Broken UTF-8 handling in newest Rubygems when environment locales are not set

Paweł Wilk's Avatar

Paweł Wilk

27 Feb, 2011 01:05 AM

Hi,

I'm encountering some problems after upgrade to newest Rubygems.

It happens when locale settings from the environment are empty (not even "C" locale) and someone tries to install some gem that was created using the newest Rubygems. The major precondition for error to occur is a UTF-8 character in some descriptive field (e.g. developer). The locale settings used when building a gem are irrevelant.

rubygems-update (1.5.2)
gemcutter (0.6.1)

Steps to reproduce:

unset LANG
unset LC_ALL
gem install i18n-inflector

  ERROR:  While executing gem ... (ArgumentError)
     invalid byte sequence in US-ASCII

But the same package built one day before (before Rubygems upgrade):

unset LANG
unset LC_ALL
gem install i18n-inflector --version 2.5.0

  Fetching: i18n-inflector-2.5.0.gem (100%)
  Successfully installed i18n-inflector-2.5.0
  1 gem installed

Regards,
Paweł

  1. Support Staff 1 Posted by Nick Quaranto on 27 Feb, 2011 06:29 PM

    Nick Quaranto's Avatar

    Wow, strange...not sure what's up here, the guys that work on the RG client library will most likely have a better idea.

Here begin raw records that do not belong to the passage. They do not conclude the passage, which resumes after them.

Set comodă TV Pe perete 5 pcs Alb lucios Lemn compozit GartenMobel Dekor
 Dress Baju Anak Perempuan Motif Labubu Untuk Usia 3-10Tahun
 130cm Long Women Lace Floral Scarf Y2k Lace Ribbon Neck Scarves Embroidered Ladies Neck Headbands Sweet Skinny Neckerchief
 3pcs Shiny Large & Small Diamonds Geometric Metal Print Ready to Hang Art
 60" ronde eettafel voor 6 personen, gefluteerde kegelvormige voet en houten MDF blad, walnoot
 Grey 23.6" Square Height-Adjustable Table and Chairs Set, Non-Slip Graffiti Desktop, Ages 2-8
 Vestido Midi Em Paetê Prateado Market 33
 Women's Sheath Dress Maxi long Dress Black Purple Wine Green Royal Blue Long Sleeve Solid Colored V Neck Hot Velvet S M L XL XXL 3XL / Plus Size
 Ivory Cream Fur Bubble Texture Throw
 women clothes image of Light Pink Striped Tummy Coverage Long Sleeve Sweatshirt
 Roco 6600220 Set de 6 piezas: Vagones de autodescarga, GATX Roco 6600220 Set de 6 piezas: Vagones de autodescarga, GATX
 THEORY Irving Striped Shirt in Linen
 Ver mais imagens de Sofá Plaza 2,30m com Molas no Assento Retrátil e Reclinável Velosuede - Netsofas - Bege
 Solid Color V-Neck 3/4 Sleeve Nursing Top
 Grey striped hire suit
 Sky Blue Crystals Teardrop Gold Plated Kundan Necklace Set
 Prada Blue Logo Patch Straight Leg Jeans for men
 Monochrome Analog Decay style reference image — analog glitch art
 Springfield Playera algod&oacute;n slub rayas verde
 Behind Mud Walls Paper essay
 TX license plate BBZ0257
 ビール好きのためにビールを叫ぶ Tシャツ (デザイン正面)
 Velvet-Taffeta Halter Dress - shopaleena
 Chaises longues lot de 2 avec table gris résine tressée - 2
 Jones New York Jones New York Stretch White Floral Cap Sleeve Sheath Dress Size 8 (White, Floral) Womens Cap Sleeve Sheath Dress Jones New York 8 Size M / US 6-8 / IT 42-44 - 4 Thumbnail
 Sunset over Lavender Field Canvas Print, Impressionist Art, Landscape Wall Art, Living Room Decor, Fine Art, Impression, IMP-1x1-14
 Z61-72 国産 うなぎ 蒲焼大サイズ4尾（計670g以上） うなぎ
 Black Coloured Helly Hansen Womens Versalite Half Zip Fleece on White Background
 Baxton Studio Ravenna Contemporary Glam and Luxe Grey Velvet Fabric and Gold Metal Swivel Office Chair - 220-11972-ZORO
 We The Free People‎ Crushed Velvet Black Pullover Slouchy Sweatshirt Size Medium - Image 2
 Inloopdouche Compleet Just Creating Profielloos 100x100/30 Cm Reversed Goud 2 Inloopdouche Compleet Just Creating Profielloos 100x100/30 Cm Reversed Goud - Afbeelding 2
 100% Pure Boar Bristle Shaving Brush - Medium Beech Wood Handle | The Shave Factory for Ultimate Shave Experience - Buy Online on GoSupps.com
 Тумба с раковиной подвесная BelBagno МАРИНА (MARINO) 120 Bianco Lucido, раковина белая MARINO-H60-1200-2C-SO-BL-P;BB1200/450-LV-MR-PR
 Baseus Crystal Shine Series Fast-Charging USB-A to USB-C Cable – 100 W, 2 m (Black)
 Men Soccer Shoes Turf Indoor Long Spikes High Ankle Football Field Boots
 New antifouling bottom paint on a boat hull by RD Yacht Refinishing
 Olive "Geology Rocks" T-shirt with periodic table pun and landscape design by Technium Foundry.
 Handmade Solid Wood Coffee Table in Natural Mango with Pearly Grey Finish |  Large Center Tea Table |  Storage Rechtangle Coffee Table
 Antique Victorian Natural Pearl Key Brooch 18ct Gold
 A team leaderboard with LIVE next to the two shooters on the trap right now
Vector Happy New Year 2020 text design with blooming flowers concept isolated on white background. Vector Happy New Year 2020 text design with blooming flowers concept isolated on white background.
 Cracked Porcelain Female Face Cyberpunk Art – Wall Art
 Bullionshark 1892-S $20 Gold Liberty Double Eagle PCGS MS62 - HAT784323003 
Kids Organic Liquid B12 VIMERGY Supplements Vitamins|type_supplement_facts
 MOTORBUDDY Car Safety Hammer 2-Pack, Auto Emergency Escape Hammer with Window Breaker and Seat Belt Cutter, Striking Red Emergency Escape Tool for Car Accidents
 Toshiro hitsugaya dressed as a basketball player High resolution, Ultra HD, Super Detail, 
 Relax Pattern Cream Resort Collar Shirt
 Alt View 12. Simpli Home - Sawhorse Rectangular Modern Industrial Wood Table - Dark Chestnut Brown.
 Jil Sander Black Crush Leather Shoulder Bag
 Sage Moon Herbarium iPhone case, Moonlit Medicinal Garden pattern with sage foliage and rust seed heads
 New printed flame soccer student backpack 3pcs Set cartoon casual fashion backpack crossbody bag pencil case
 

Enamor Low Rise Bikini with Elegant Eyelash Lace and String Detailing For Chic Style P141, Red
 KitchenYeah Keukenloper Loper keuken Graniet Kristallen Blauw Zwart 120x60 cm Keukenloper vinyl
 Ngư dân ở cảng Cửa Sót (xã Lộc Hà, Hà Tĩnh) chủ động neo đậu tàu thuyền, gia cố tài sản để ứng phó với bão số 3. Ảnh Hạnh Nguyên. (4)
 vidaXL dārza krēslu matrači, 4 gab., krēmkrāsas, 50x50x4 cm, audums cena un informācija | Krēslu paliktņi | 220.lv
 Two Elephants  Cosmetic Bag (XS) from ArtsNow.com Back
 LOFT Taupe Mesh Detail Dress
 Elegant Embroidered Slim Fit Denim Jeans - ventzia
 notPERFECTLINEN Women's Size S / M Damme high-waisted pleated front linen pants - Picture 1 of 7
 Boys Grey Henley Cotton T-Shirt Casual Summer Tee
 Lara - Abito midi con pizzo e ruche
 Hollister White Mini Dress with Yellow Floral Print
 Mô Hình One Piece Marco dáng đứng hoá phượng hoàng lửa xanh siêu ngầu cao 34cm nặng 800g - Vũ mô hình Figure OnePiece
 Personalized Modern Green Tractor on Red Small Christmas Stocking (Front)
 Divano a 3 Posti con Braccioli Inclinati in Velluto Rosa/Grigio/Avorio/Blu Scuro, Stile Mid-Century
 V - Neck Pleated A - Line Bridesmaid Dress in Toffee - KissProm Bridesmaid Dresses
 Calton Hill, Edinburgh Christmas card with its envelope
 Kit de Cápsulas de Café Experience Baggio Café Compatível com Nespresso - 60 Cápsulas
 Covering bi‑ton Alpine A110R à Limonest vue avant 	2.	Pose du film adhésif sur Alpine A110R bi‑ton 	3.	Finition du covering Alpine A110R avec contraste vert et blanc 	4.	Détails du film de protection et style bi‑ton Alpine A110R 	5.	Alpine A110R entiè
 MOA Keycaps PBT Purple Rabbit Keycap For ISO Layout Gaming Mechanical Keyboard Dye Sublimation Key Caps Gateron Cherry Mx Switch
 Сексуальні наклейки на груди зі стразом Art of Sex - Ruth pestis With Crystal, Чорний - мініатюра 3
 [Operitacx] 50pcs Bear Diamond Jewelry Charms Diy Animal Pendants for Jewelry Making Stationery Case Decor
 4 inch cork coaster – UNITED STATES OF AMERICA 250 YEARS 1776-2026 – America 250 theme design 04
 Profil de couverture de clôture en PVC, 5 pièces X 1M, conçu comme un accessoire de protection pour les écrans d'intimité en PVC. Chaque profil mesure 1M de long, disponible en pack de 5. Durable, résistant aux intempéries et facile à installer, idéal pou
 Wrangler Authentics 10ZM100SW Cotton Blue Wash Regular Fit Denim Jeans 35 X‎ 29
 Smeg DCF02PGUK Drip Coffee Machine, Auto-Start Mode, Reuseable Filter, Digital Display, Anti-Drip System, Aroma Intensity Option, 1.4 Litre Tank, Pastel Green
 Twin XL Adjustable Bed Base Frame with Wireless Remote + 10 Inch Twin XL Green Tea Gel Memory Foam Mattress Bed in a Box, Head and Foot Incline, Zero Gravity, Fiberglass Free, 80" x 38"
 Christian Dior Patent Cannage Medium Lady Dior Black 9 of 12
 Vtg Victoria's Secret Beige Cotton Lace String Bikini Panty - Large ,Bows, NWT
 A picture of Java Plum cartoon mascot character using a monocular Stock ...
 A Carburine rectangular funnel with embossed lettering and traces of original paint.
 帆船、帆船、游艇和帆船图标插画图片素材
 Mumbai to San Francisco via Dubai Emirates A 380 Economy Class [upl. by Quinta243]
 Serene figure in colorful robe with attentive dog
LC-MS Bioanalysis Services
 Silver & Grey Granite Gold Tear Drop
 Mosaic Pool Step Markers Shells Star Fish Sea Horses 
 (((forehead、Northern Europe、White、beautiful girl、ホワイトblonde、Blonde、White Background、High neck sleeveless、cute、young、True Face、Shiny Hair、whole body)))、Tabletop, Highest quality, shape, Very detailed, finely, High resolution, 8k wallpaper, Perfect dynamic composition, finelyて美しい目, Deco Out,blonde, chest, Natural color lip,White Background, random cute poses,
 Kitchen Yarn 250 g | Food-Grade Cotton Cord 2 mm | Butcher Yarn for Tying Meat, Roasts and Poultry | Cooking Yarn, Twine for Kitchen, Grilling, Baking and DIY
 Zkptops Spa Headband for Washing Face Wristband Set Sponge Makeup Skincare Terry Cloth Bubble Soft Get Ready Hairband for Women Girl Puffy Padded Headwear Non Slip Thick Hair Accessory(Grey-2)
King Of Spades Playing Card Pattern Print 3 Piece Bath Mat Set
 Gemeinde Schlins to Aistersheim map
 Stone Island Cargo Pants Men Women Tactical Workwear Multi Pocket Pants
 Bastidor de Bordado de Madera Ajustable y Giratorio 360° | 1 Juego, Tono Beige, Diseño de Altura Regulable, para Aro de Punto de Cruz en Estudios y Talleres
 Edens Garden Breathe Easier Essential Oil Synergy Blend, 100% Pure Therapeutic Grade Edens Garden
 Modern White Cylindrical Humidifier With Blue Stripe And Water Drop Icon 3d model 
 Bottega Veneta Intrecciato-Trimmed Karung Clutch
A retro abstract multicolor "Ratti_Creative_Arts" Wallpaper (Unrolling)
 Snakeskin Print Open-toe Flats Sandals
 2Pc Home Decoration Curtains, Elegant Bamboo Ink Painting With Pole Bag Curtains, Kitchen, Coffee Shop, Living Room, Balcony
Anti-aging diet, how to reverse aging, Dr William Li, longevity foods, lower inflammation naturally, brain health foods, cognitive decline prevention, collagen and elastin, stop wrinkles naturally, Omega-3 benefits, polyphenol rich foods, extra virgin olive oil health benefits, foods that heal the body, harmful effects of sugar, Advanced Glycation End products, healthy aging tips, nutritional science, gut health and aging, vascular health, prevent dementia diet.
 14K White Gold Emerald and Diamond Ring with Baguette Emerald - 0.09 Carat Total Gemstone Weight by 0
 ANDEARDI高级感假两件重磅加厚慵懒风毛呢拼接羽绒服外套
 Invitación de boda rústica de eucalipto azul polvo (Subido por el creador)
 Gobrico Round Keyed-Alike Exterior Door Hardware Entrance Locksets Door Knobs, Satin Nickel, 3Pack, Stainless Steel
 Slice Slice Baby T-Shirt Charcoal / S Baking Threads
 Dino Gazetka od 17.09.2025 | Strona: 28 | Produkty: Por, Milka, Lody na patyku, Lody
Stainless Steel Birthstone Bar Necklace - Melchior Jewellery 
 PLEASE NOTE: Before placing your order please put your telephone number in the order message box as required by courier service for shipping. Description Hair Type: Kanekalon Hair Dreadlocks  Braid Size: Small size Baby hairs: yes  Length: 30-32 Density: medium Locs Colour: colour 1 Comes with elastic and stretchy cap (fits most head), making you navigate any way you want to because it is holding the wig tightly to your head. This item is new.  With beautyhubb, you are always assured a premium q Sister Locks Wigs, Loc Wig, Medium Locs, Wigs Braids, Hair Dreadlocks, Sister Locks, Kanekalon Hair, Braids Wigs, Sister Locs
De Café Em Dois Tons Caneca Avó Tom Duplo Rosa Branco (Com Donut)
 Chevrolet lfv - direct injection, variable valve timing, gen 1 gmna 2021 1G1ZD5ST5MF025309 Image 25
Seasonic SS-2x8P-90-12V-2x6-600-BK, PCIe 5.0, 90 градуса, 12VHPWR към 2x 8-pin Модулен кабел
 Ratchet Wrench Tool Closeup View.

    What OS is this on? Can you show us your gem env output?

  2. 2 Posted by Paweł Wilk on 28 Feb, 2011 12:38 AM

    Paweł Wilk's Avatar

    Hi,

    The problem is OS-independent. It happened on Mac OS X Snow Leopard and on Ubuntu Server. The problem was detected on Ruby 1.9.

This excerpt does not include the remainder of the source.